Un altro affare importante nei Paesi di origine è il controllo del trasporto pubblico tramite il pagamento di una tangente. “Il mancato pagamento si traduce in violenze rappresaglie”, continua Spinelli, che ci fornisce alcuni dati: nel 2014, 179 autisti di autobus, taxi e minibus sono stati assassinati in Guatemala. Nel luglio 2015, le due organizzazioni criminali, MS-13 e M-18, hanno paralizzato a El-Salvador l’intero sistema di trasporto. Un tipo di crimine molto comune nell’America latina che, secondo l’International Intelligence Community, costituisce una delle attività di slancio anche nei Paesi europei. E, alla luce di tutto questo, assumono una connotazione ancora più agghiacciante le aggressioni da parte di latinos al personale ferroviario, come quella avvenuto sul treno, in una fermata della periferia di Milano, nel giugno del 2015 a colpi di macete da parte di un gruppo di giovani sudamericani nei confronti di un capotreno, che ha perso un braccio, e di un altro ferroviere fuori servizio.
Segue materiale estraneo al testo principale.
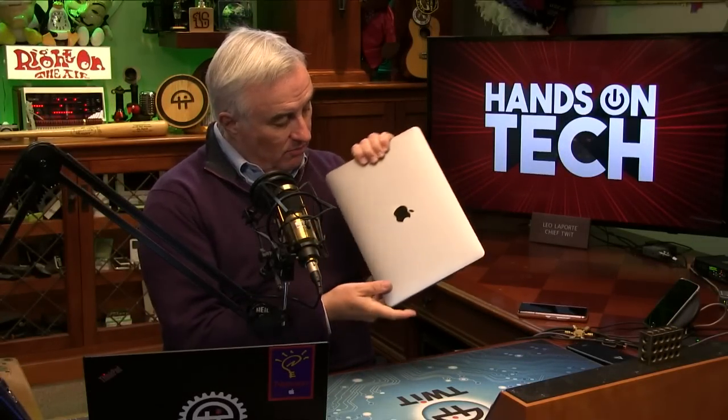Hey everybody, Leo Laporte here. I've got something brand new and upside down. It's called an Apple MacBook Pro 13-inch, but it's not how it looks outside that matters — it's what's inside that counts. A look at the new M1 Mac next.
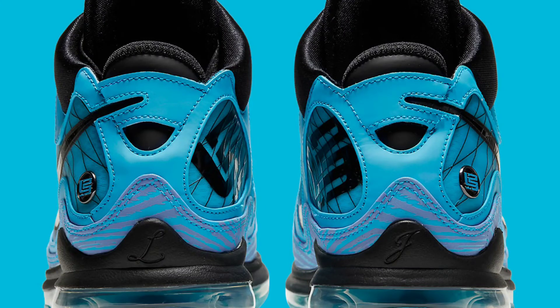More of that reflective wood grain material appears on the rear of the shoe. At the back heel base, one side has the 'L' and the other side has the 'J.' The back of the tongue and the ankle support area are also blacked out, so I'm definitely feeling these shoes.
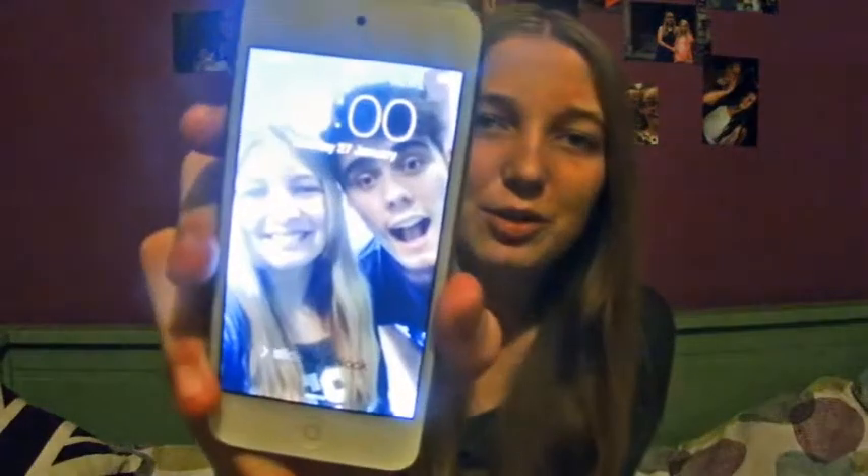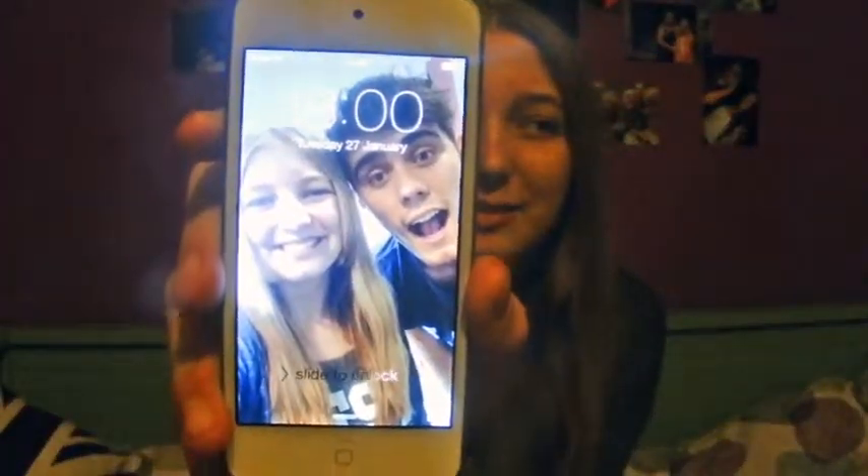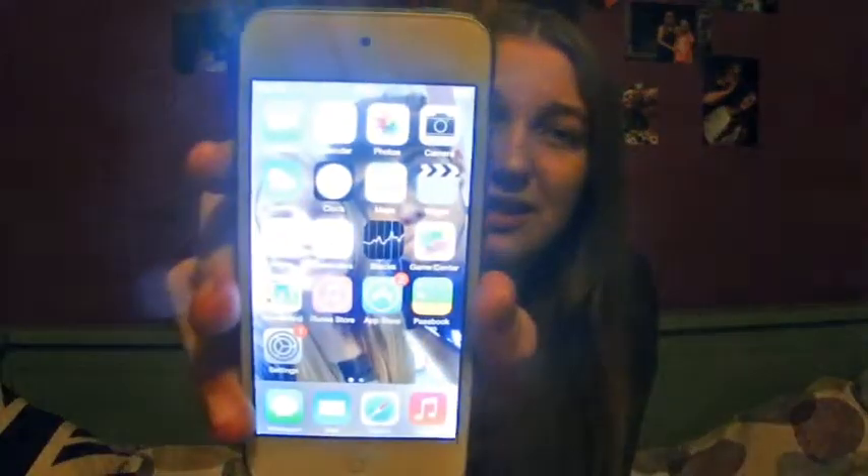First we have my lock screen — it's a picture of me and Alfie Deyes' Pointless Blog. I don't know if you can see it because it might be a bit unfocused. Let's log in — sorry, I can't show you my password. On this screen I have FaceTime, Calendar, Photos, Camera, Weather, Clock, Maps, Videos, Notes, Reminders, Stocks, Game Center, Newsstand, iTunes, App Store, Passbook, and Settings.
“Nella cultura latina, il legame con i paesi d’origine e con la famiglia è molto forte. Famiglie molto estese rappresentano un punto di riferimento e di identità specifico dal punto di vista aggregativo e culturale”, afferma Spinelli, che è convinto che i contatti dei latinos con le Maras o Pandillas dei Paesi di origine siano stretti e costanti.
Spinelli mette in guardia dai pericoli che implica una sottovalutazione dell’espansione di questo tipo di criminalità transnazionale legata all’immigrazione. Fenomeni simili a quelli avvenuti a Milano di recente si sono registrati anche in altre importanti città europee. L’esperto esclude che la decisione del sindaco di Milano, Beppe Sala, di mettere in campo l’esercito possa realmente servire a qualcosa, anche perché limitati sono i poteri dei militari. Aumenta la sicurezza percepita ma non quella reale.
“È necessaria un’azione di intelligence di aderenza specifica, che sia in grado di interpretare il processo evolutivo di queste organizzazioni, contrastandolo adesso prima che si inneschi all’interno il processo di militarizzazione”, afferma Spinelli.
A ciò bisogna aggiungere: una sorveglianza specifica nonché la preparazione specialistica delle nostre forze dell’ordine “per fare fronte in modo efficace a questa nuova minaccia sociale”.